Otoño en la Costa Este norteamericana es sinónimo de maratón. Ya seas Murakami corriendo por las praderas teñidas de marrón o un corredor del otro lado del mundo que quiere lucirse allende sus fronteras, sabes que encontrarás una carrera grande cada fin de semana. Además, tampoco hay que ponerse a separarnos tanto del escritor de “Tokio Blues”: todavía puedes ganar un Nobel antes que él.
Seguramente hay quien se ha dejado caer por la Ciudad del Viento o quién se esté esperando para la valoradísima Marine Corps (echale un vistazo, anda) o la deseadísima maratón de Nueva York. Sin embargo, no hace falta meterse en la gran ciudad para disfrutar de una prueba de solera. Es más, os vengo a hablar esta semana de una de las maratones con más historia, una de esas de las que se pueden contar miles de anécdotas y que, a base de zancadas, han conseguido crear un movimiento que llega hasta nuestros días.
Edward Wetmore Kingsley, un entusiasta del deporte residente en Yonkers, se había enamorado de una prueba. Si lo que se veía en Boston año tras año era una lucha aguerrida del hombre contra la distancia, la emoción con la que se vivió en los Juegos Olímpicos de Saint Louis le hizo engancharse a la carrera. Wetmore pensaba para sí que una prueba como el maratón no podía quedarse en una edición al año y ya.
Tras mover cielo y tierra, hablar con autoridades y convencer a los pocos atletas amateurs que por aquel entonces se medían contra la distancia, acabó consiguiendo lo que quería: que una pequeña ciudad al norte de Nueva York acogiera, el día de Acción de Gracias de 1907, su primer maratón. Con el apoyo de otro ilustre vecino de la ciudad, el atleta Sammy Mellor (ganador de Boston en 1902 y olímpico en 1904 y 1908), la prueba se consolidó y atrajo a corredores que, año tras año, intentaban batir el récord del mundo (no en vano, solo había dos sitios donde hacerlo). Y desde entonces, solamente con un par de parones, hasta hoy.
Por el camino, han ido apareciendo nuevas pruebas: los calendarios se han masificado, han llegado algunas carreras y otras han desaparecido.
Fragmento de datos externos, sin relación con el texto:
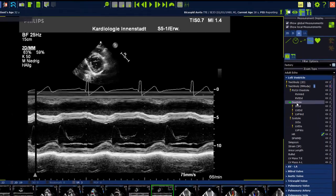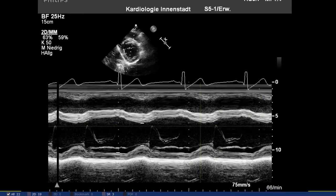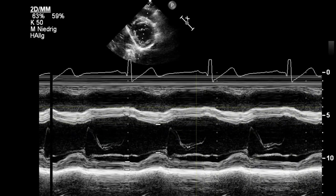Select the diastole and set the first point on the interventricular septum in the right ventricle. Place the other points until you reach the outer border of the posterior wall.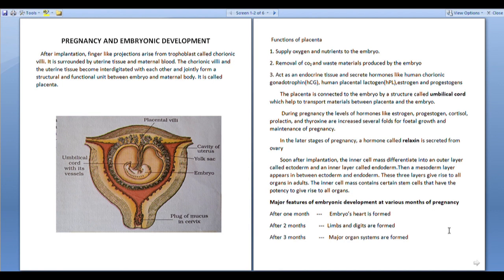In the later stages of pregnancy, a hormone called relaxin is secreted from the ovary.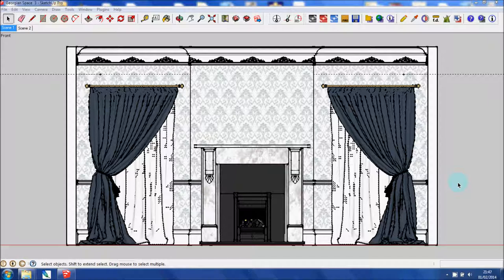Part one of this tutorial involved creating a 3D model of a Georgian style room. Part two is about creating an elevation from that 3D model.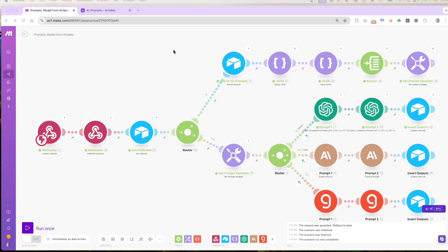On Make.com, when you set up a webhook module, you're essentially creating a listener that waits for specific data to be sent from an external source like Airtable. When this data is sent, for example a record ID or other information, the webhook triggers the Make.com scenario to start processing. It's a really powerful tool for automating workflows because it allows real-time responses without any manual intervention.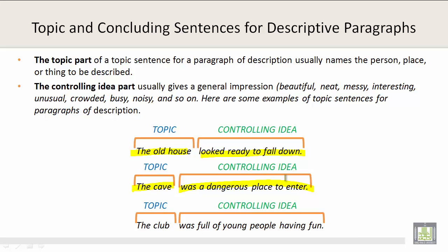The club was full of young people having fun. The club is the topic; 'was full of young people having fun' is the controlling idea.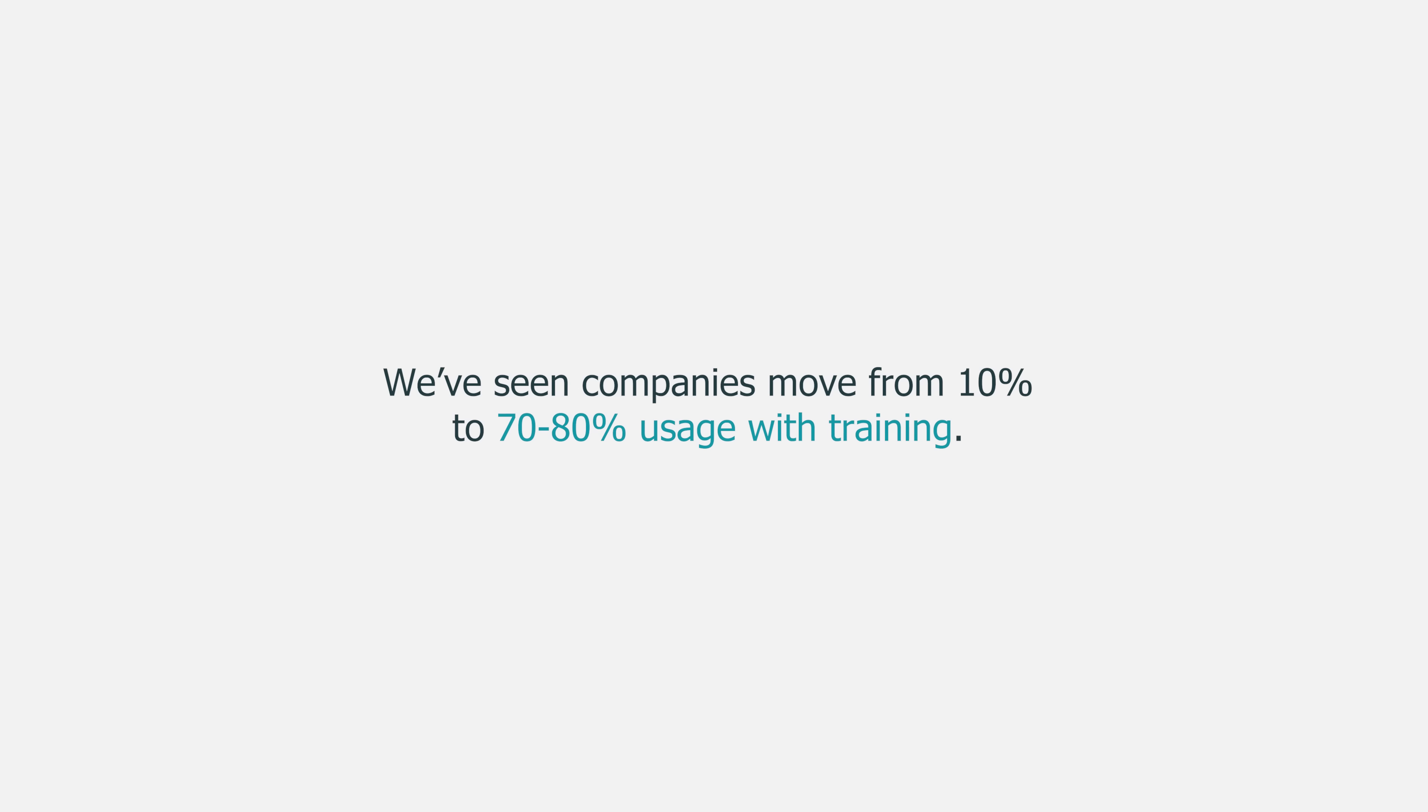So we as business leaders need to ensure that our people know about OneNote. They need to know why to use it, what to use it for and what not to use it for, and they need to know how. Throwing a self-help video up on the intranet won't move the needle. You need to teach people to get results. We've seen companies move from 10% to 70% to 80% usage with training. So contact us to find out how you can use OneNote at your company using the links below. And if you want to find out more about OneNote or if you're just getting started, hit subscribe and check out our OneNote playlists. Links in the description. And we'll see you next week.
Los amateurs siguen dando caña y bajan de las tres horas y el profesionalismo -prohibido en aquel entonces- está cada día mas cerca de las dos. Y con tres pruebas de solera como Chicago, Marine Corps y Nueva York alrededor, Yonkers sigue ahí. Sus noventa ediciones la convierten en una de las “decanas” de la distancia. Esta nueva cita (el domingo 18) trae consigo un cambio a priori interesante: se abandonan las clásicas dos vueltas a la ciudad para realizar un recorrido de ida y vuelta pisando hojas secas y dejándote seducir por el espíritu de los clásicos.
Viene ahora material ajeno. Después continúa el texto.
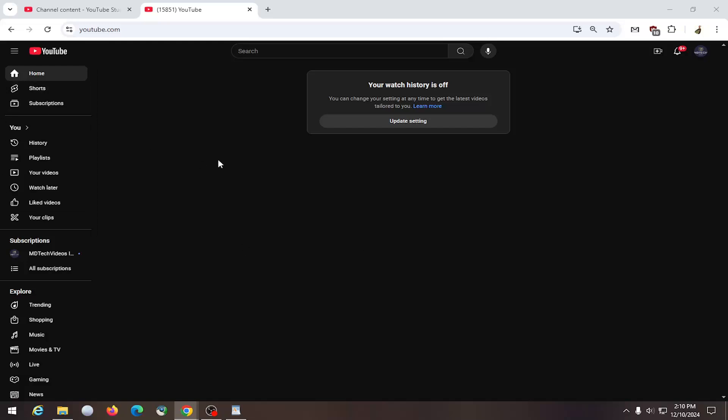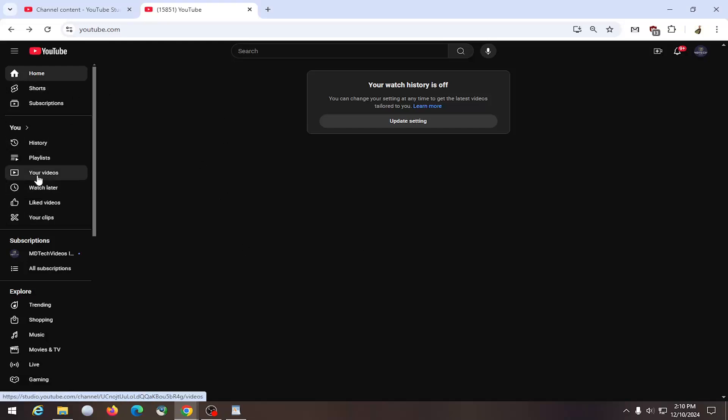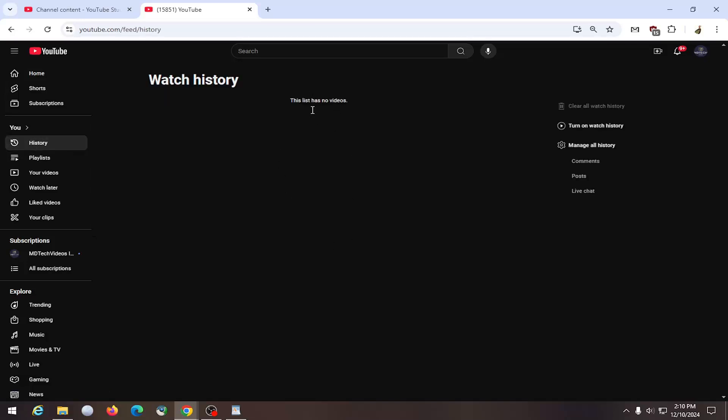All you have to do is go to youtube.com and on the left side you want to select where it says history. If you have any videos in here, they would show up.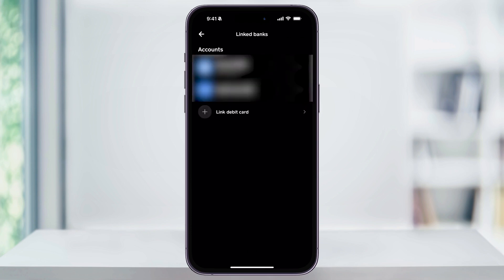Inside of here, you're going to see any of the accounts that you've linked so far. If this is your first time inside of here, these should all be blank and you'll see a Link Debit Card option. You can also add banks or credit cards if you want to in the future, but the debit card is going to be the quickest and easiest.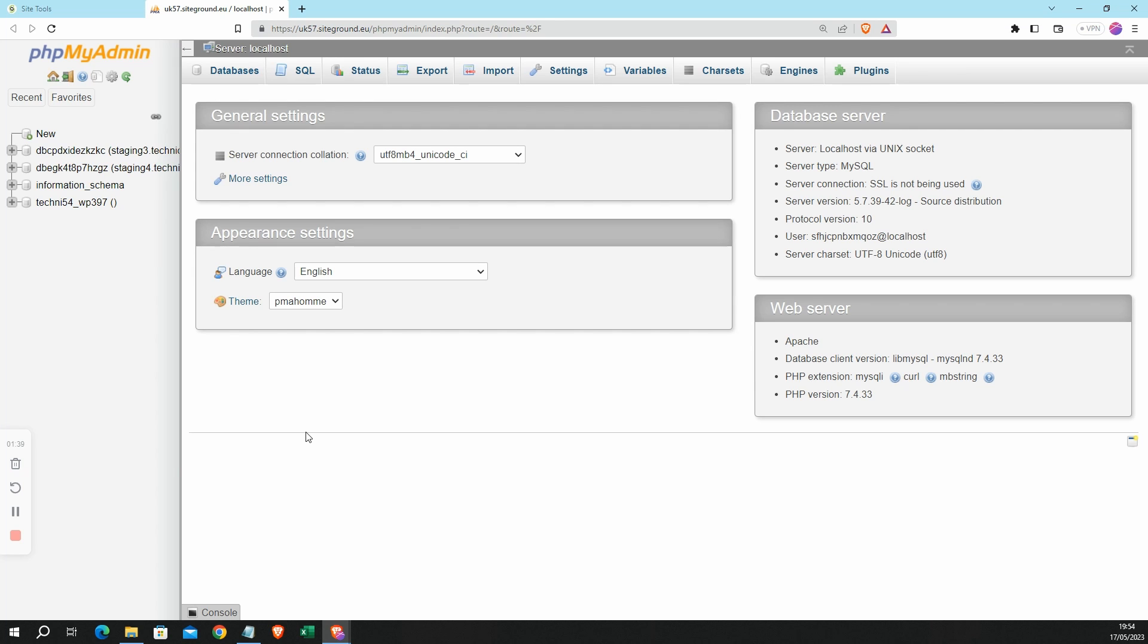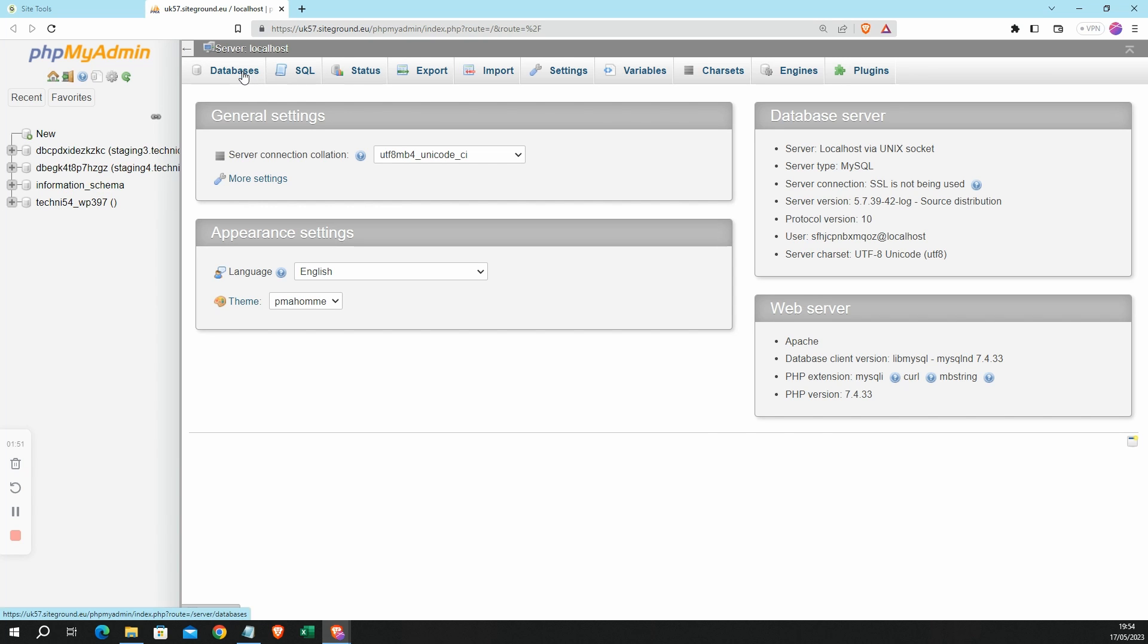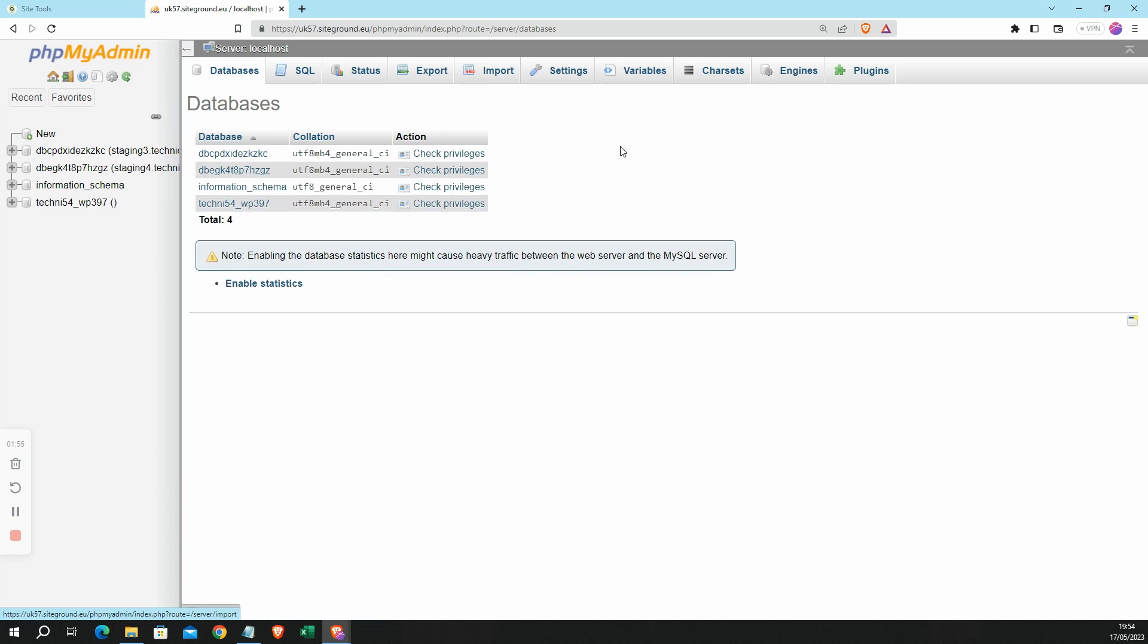So here we are in phpMyAdmin. On the left here you can see a list of databases that I have access to, and I can also get that information by clicking on Databases up here in the top menu. I want to find the database for my live or production website.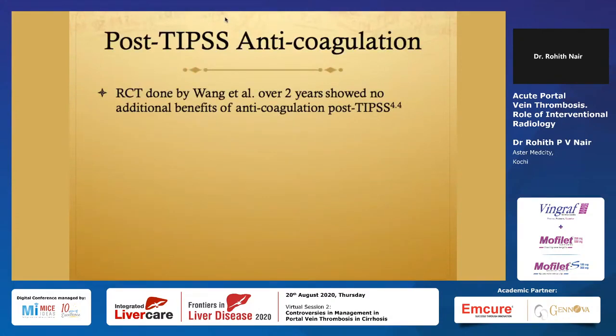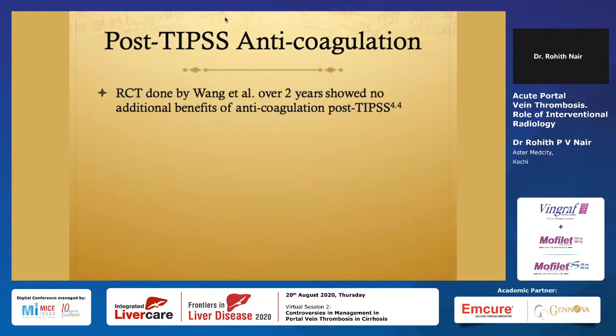There was an RCT by Wang from 2015 to 2017 which showed no additional benefit of anticoagulation post-TIPS. So if you establish a good flowing TIPS with good pressure equilibrium in a patient with PVT, any anticoagulation has no additional benefit. That puts a thought in mind that PVT could be related to flow disturbances.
¿Puntos a favor? El cambio ha quitado algunas cuestas -no todas: no querían acabar con la fama de “rompepiernas” que ha tenido desde sus orígenes esta carrera- y ha convertido las tres pruebas que se celebran (un 5k y una media maratón completan la terna) en una fiesta para toda la familia y un apoyo para los que se atreven con el maratón. Porque, a mi juicio, esta es una de las claves: el año pasado apenas 170 corredores acabaron Yonkers. Allí no hay peleas por coger puestos de salida ni sorteos un año antes por un hueco. No te dejarás los ahorros en seguros, ni adelantarás pagos para asegurar nada. Llegas, corres y acabas mirando al Hudson, nada más.
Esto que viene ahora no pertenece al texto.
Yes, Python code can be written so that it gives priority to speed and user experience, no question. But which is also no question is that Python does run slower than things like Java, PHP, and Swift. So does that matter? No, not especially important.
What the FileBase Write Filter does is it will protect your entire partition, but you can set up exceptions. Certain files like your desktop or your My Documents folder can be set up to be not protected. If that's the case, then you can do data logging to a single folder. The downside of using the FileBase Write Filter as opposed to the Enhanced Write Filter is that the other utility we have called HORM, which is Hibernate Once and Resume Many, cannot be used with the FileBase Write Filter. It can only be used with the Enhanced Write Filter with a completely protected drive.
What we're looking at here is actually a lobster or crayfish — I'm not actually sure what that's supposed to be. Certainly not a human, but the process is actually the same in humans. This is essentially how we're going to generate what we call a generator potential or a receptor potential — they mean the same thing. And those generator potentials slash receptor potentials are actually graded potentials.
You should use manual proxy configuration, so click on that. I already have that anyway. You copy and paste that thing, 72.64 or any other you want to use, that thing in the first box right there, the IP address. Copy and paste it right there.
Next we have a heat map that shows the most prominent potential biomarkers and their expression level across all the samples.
Y si eso no te convence, piensa en la Historia. Si, uso la palabra con mayúscula porque pisarás las mismas calles que pisaron los primeros héroes de este deporte; los que hicieron camino y dejaron huella para que tu pisaras suelo firme noventa años después. Solo por eso, deberías tomarla en cuenta. Si te apetece un otoño “low cost” en Nueva York, Yonkers es tu maratón.